Death has had a funny way of focusing my life differently. How am I spending my day; how many days do I have left, am I appreciating life and the people around me enough…am I finding any joy and happiness. How much of my day is spent missing Mike and feeling sad. How many thoughts that pass through my mind end up sitting on a memory of him, something he would say, something he might do. How often I end up right back there again, staring death in the face.
I find myself checking to be sure my musician boyfriend is still breathing, when he is sleeping, far too often. It’s scary. A part of me wonders why on earth I would put myself through something like that again, caring for someone knowing we all have our ends. I know that being alone just for that reason is not what life is about, but the whole thing is simply terrifying. I search for peace and happiness like everyone else, but some days, it is overshadowed by that knowing; that expectation that death is forever looming, and I can’t stop it. I’m forever scarred by grief. Nothing will ever be as it was before.

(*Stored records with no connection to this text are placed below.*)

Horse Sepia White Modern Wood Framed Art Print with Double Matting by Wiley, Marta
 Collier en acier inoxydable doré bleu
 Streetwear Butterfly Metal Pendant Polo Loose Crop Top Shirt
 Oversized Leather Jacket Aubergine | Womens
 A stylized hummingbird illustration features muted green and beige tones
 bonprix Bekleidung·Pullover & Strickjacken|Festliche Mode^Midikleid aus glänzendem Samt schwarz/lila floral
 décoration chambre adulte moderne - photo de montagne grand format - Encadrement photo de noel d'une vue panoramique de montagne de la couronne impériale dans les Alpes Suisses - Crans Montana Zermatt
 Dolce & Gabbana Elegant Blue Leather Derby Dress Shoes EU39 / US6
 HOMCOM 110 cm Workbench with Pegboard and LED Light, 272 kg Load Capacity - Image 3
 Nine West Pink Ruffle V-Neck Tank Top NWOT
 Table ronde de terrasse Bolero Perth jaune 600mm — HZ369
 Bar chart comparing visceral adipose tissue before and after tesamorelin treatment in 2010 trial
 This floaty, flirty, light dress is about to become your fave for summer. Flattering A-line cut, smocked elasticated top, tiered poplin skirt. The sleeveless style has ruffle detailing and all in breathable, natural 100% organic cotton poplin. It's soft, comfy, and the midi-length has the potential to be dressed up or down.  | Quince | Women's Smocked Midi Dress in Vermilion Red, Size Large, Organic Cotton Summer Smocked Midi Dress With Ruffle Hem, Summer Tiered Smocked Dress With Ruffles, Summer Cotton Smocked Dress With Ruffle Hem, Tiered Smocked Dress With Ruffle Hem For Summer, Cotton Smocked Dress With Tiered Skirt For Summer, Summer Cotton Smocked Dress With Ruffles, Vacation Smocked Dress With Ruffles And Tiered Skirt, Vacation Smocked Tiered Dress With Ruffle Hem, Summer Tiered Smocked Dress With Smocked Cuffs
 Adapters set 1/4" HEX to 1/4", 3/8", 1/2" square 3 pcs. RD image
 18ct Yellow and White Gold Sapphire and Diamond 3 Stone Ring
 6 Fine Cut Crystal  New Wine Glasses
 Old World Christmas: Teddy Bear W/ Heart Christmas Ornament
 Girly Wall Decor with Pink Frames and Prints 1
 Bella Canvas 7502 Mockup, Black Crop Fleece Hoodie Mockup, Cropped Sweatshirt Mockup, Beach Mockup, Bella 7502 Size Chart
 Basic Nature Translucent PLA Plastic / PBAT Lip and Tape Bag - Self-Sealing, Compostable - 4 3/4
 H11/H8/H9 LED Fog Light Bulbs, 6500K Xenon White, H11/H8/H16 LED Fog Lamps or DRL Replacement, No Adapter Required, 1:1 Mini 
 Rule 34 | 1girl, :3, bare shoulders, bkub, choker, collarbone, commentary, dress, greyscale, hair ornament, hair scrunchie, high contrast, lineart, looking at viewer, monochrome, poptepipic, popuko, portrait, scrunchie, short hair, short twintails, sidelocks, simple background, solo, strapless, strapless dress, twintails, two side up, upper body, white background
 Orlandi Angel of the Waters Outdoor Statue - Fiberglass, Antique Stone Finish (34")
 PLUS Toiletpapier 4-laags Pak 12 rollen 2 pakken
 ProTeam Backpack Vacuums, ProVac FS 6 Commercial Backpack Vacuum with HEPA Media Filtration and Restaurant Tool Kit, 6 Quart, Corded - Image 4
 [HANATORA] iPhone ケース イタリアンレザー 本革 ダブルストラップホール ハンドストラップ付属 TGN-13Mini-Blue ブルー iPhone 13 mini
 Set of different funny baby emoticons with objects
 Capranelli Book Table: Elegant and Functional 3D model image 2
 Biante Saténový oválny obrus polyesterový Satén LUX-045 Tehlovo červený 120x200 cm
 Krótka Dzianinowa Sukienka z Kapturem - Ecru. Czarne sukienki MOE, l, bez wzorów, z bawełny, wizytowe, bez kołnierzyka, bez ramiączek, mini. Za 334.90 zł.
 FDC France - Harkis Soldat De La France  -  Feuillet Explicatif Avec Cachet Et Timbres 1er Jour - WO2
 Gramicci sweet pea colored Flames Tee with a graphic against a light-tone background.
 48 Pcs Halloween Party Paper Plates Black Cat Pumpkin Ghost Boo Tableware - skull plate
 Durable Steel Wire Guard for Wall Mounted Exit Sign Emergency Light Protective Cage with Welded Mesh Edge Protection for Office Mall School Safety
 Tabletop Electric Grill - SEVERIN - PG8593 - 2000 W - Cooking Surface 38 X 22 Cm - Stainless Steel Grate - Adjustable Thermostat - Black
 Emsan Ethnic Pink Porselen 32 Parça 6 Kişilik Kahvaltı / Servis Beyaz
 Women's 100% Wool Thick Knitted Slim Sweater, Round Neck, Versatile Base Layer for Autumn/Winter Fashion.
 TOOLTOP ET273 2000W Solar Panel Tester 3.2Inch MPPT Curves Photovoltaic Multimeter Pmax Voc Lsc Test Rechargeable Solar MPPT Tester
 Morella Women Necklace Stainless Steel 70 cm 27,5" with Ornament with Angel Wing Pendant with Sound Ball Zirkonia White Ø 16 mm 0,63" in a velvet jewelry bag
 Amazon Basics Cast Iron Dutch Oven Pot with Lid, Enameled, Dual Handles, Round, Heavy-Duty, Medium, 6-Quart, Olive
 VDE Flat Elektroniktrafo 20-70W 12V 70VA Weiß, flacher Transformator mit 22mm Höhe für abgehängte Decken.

I try to spin death’s shadow into positive thoughts about how much I’ve learned about this life. Because being here, being alive, getting to experience this world, is amazing – but it also means we will experience death. Death of those we love, and our own deaths. So sometimes I think about how much wiser I am to it all. Then other times I think how much I’d rather not know all of that. Too often I just stare at the empty chairs around me. The missing people. And worse is the thought that so many more people I know will end up there too; how much more death I have to experience around me before I go to join them.
Will I ever find a way to find peace with death? Will it ever be something that seems natural and not devastating? Is there a way to think about those empty chairs without sadness? I sometimes read about how other cultures deal with death. Some of them have some pretty fascinating mindsets about it. But at the end of the day it doesn’t help much. I even have my own faith and belief in a higher power and a hereafter; that doesn’t really do much to soothe the empty spaces either, most of the time. Because my husband is dead. People I love are just not here anymore. And it just sucks.